Work to complete: In the copy you make, include no pictures, and transcribe every record exactly.

*** Opening Source material ***

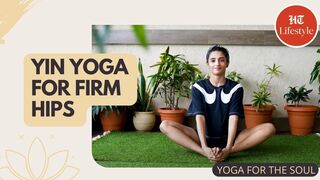 3 Morning Stretches for Firm Hips | Yin Yoga | Yoga For The Soul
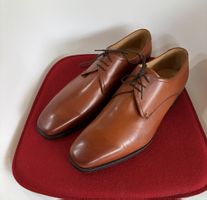 Neu: Plain Derby, goodyear, Barker Shoes, England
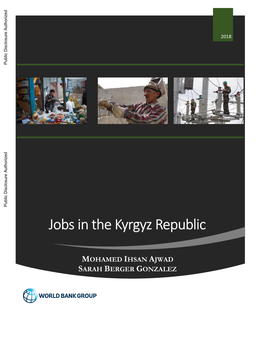 Jobs in the Kyrgyz Republic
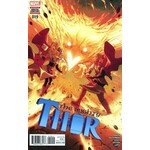 Marvel Comics Mighty Thor 2016 #19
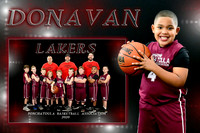 DONAVAN CARTER MEMORY MATE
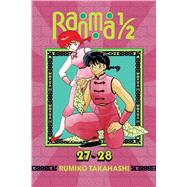 Ranma 1/2 (2-in-1 Edition), Vol. 14 Includes Vols. 27 & 28 9781421566351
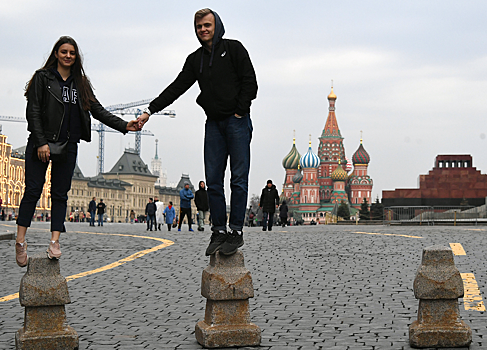 Подсчитана стоимость свидания в День всех влюбленных в Москве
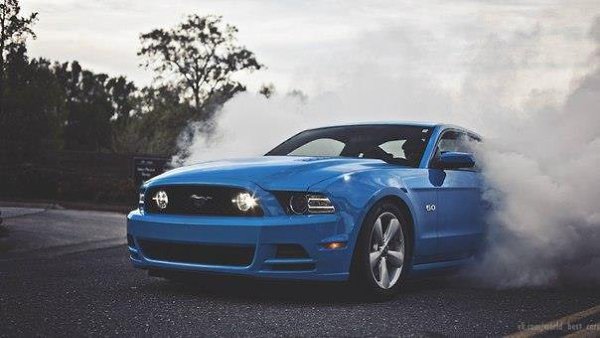 Ford Mustang GT 5.0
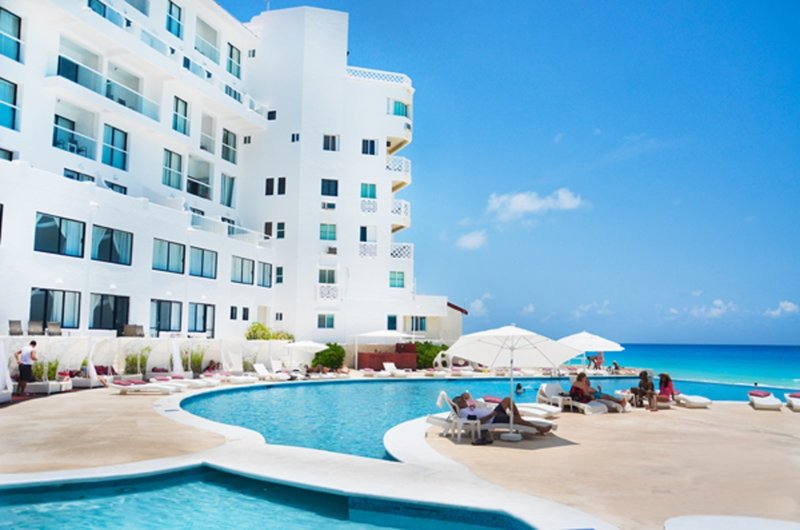 bel air collection and spa cancun adults only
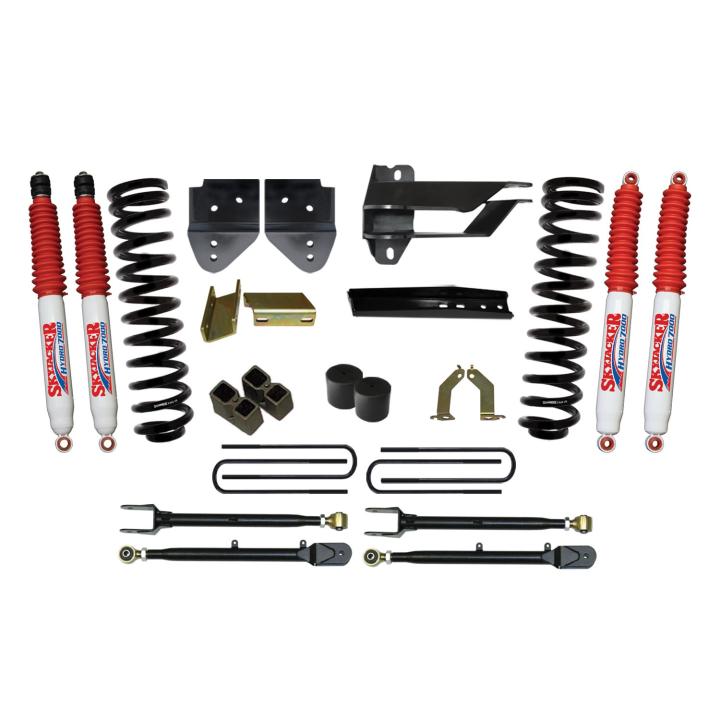 Skyjacker - Skyjacker F174524K3-H Suspension Lift Kit w/Shock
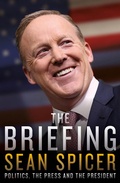 Cover: The Briefing - Biteback Publishing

*** Closing Source material ***

Task answer:
 3 Morning Stretches for Firm Hips | Yin Yoga | Yoga For The Soul
 Neu: Plain Derby, goodyear, Barker Shoes, England
 Jobs in the Kyrgyz Republic
 Marvel Comics Mighty Thor 2016 #19
 DONAVAN CARTER MEMORY MATE
 Ranma 1/2 (2-in-1 Edition), Vol. 14 Includes Vols. 27 & 28 9781421566351
 Подсчитана стоимость свидания в День всех влюбленных в Москве
 Ford Mustang GT 5.0
 bel air collection and spa cancun adults only
 Skyjacker - Skyjacker F174524K3-H Suspension Lift Kit w/Shock
 Cover: The Briefing - Biteback Publishing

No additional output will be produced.